What initially attracted you to the relationship between Norman Mailer and Jack Henry Abbott?
My interest in the subject began with Abbott, not Mailer, even though I’d read The Executioner’s Song when it came out in 1979. I didn’t read Abbott’s In the Belly of the Beast until almost ten years after it came out in 1981. Shortly before Mailer’s death in 2007, the famous author’s papers were acquired by the Harry Ransom Center. Remembering his connection with Abbott, I wondered whether the vast collection of papers included anything from Abbott. I was pleasantly surprised to find a cache of letters to Mailer from Abbott written before and after he killed Richard Adan in the summer of 1981. This material formed the heart of my story in Jack and Norman: A State-Raised Convict and the Legacy of Norman Mailer’s “The Executioner’s Song.” His unpublished letters tell one of the saddest and yet moving accounts of a life I have ever read. And I say this as a biographer of Walt Whitman, Mark Twain, and Theodore Dreiser. Dreiser’s An American Tragedy (1925) inspired Mailer in writing The Executioner’s Song. In one long letter (a few went on for 30 or 40 handwritten pages), Abbott told Mailer how he had tried to keep a record of his imprisonment since 18 in letters to his distracted half sister, only to discover one day that over the previous ten or 15 years they had all “gone out with the trash.”
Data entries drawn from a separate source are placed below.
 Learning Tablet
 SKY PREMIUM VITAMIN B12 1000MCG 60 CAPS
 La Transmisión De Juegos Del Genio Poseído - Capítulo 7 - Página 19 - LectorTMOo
What do the similarities in Abbott and Gary Gilmore’s experiences as criminals (both men landed in jail for petty crimes and committed murder upon their release) reveal about the American prison system? Are there limitations to using their cases to understand the prison system?
When Abbott got out of jail with Mailer’s help in 1981 and came to New York City to work as the author’s literary assistant, Mailer’s friends referred to Abbott as Gary Gilmore’s “double.” And indeed it was doubly and tragically so, for Abbott, like Gilmore, killed exactly six weeks after his release from federal prison to a halfway house on the Lower East Side. Both prisoners were apparently ruined by early and long incarceration, developing what I call “prison paranoia.” Abbott, for example, felt threatened by routine impoliteness on the streets of New York City because in prison most everybody was polite in order to avoid physical conflict and possibly death in close-quartered spaces. As to the American penal system that confined these two men, they should stop calling their prisons “penitentiaries.”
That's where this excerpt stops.